*WHAT THE EXERCISE ASKS*. Without the pictures, can you quote each line below exactly?
══ TASK INPUT
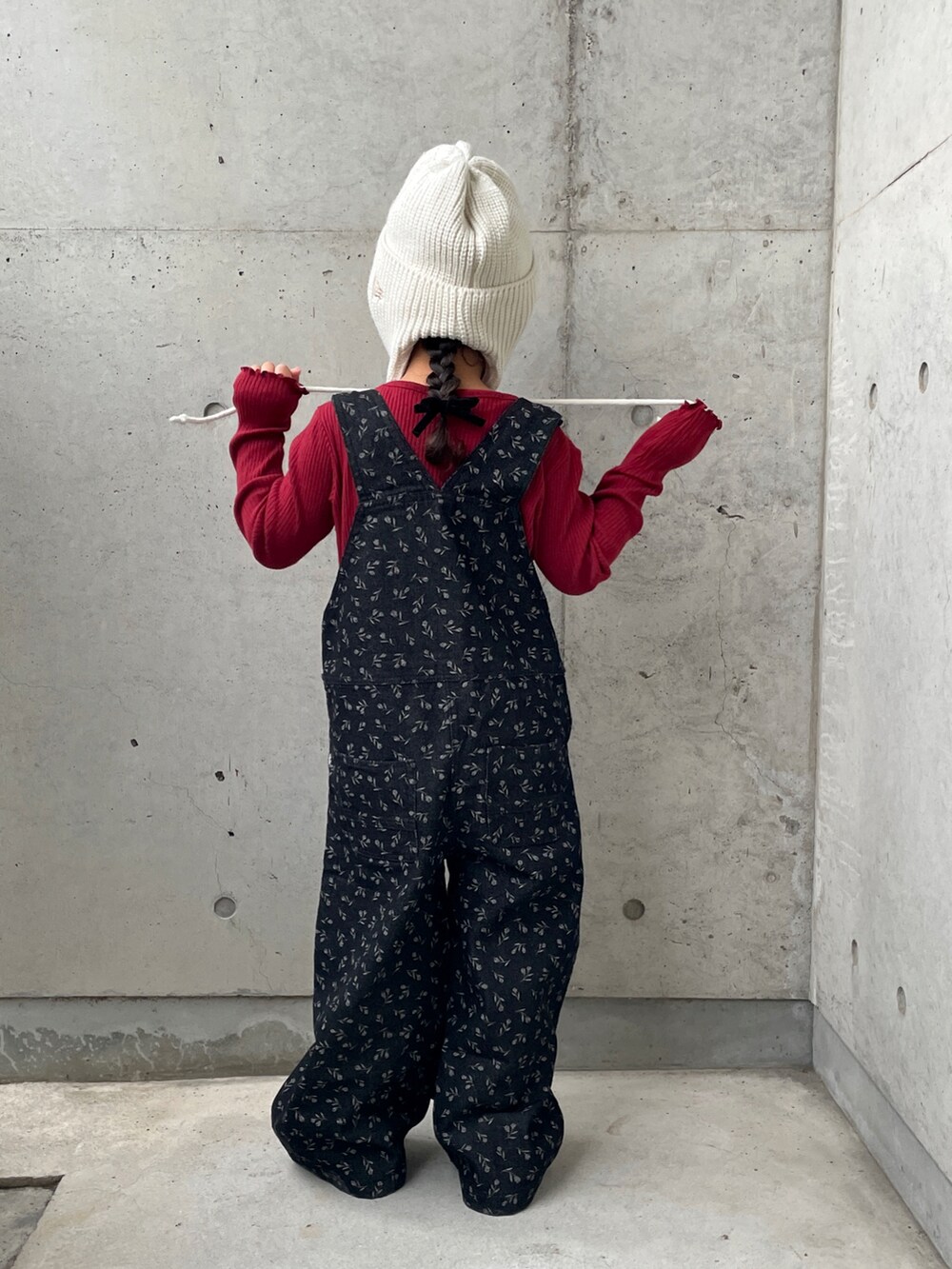 ブラウン系のブーツ、ブラック系のオールインワン・サロペット、ホワイト系のTシャツ/カットソーを着用したキッズの秋コーディネートの3枚目の写真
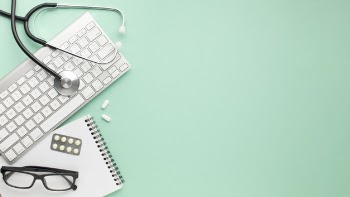 Notepad; wireless keyboard with stethoscope and medicines over surface Free Photo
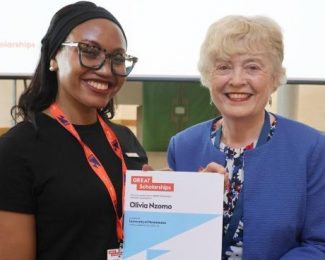 Olivia with academic holding the GREAT Scholarship certificate_From the Office to the Books - 7 Lessons about Returning to Study a Postgraduate Degree_International Student Blog-Olivia Nzomo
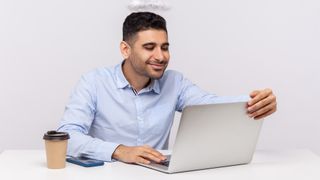 Smug-looking man wearing a sky blue shirt, looking at a laptop, with a halo above his head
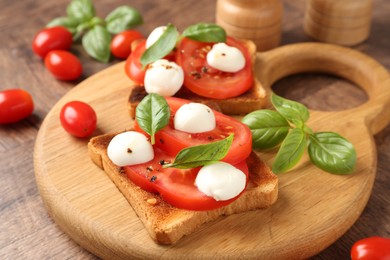 Photo of Tasty sandwiches with mozzarella cheese, tomatoes and basil on wooden table, closeup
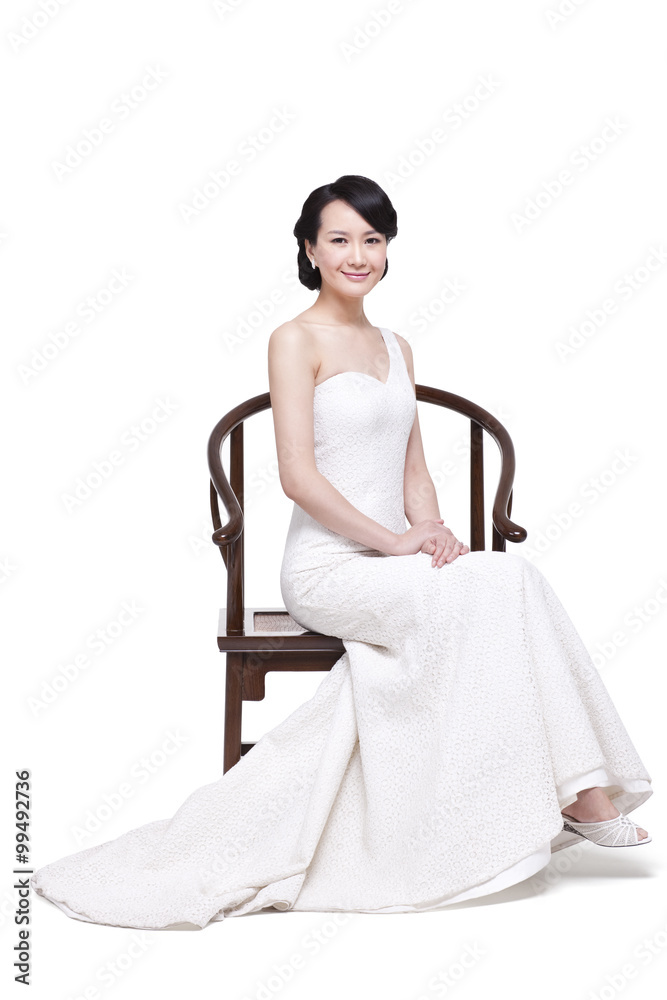优雅的年轻女子坐在中式明代木扶手椅上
════
*TASK RESPONSE*.
 ブラウン系のブーツ、ブラック系のオールインワン・サロペット、ホワイト系のTシャツ/カットソーを着用したキッズの秋コーディネートの3枚目の写真
 Notepad; wireless keyboard with stethoscope and medicines over surface Free Photo
 Olivia with academic holding the GREAT Scholarship certificate_From the Office to the Books - 7 Lessons about Returning to Study a Postgraduate Degree_International Student Blog-Olivia Nzomo
 Smug-looking man wearing a sky blue shirt, looking at a laptop, with a halo above his head
 Photo of Tasty sandwiches with mozzarella cheese, tomatoes and basil on wooden table, closeup
优雅的年轻女子坐在中式明代木扶手椅上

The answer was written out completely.